● **What the exercise asks**
Beginning at the line that includes "수피리어 룸, Hopfengrund", print each remaining line of the data word for word. Output nothing else.

[Dataset records]
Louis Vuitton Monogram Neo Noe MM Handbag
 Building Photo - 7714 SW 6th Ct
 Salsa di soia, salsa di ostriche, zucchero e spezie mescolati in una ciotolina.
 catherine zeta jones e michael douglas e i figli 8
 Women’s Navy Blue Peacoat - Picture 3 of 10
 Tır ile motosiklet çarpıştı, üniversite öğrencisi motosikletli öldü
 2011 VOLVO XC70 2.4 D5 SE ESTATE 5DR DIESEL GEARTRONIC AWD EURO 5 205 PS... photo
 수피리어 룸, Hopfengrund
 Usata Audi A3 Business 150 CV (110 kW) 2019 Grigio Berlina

● **Task response**
 수피리어 룸, Hopfengrund
 Usata Audi A3 Business 150 CV (110 kW) 2019 Grigio Berlina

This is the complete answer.